Based in Silicon Valley in northern California, the African Diaspora Network is a non-profit organization founded ten years ago by Almaz Negash, an Eritrean refugee who fled her country of birth in 1984 during the country’s war with Ethiopia to rebuild her life in the United States. One of the organization’s aims is to find ways how at least part of remittance funds sent home by the African diaspora can be put to productive use through investment. The network’s flagship event is the annual African Diaspora Investment Symposium.

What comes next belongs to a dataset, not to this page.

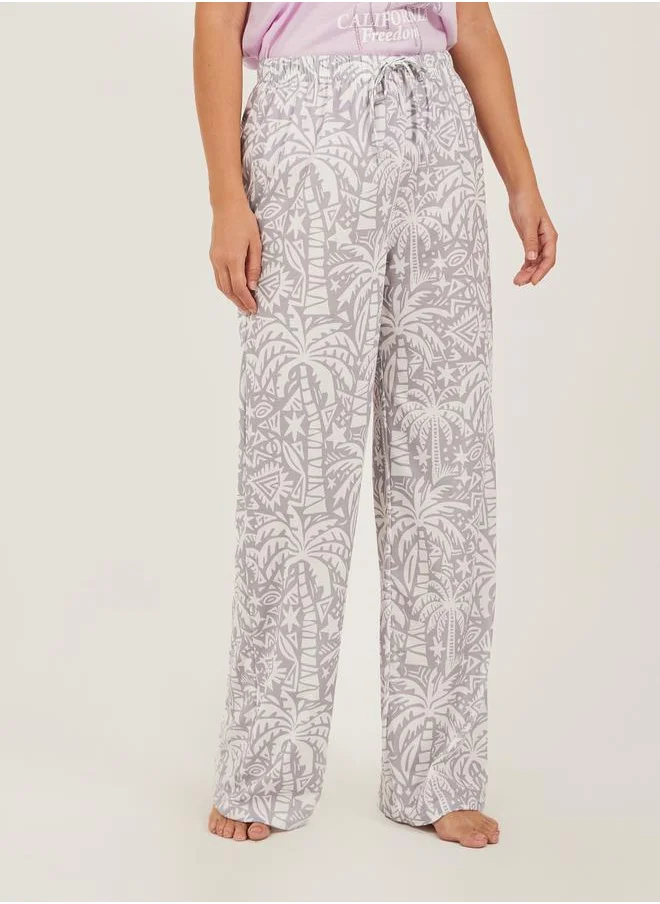 ستايلي Palm Graphic Print Dropped Shoulder T-Shirt and Pyjama Pants Set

Negash has seen a shift in attitude in Silicon Valley from how to help Africa to how to invest in Africa, evidenced in some of the big-name sponsors of this year’s symposium: SAP, VMware, Facebook, eBay, Johnson & Johnson, and EY. Some companies have gone further, such as VMware, which hosted a delegation from Ethiopia last year, and Google, which has opened an artificial intelligence lab in Accra, Ghana.
Why It Matters
A World Bank report revealed money sent by the African diaspora to their home countries in sub-Saharan Africa reached a record US$46 billion in 2018, a 15% increase from the previous year. Were remittance a single economy, it would have been the twelfth-best-performing one in Africa, just behind the Democratic Republic of the Congo and ahead of Côte d’Ivoire. Most of this money goes straight to family members to help them buy basic necessities, care for children, or save up to eventually seek employment abroad as well. Tapping into these funds for investment purposes would be a net benefit to all involved: it would give the diaspora greater influence in how Africa develops, it would establish long-term economic benefits for family and friends living in Africa, it would ease the financial burden on national governments and multinational corporations for initial groundbreaking on large projects, and it would open up new markets as Africa’s population continues to grow over the next half-century.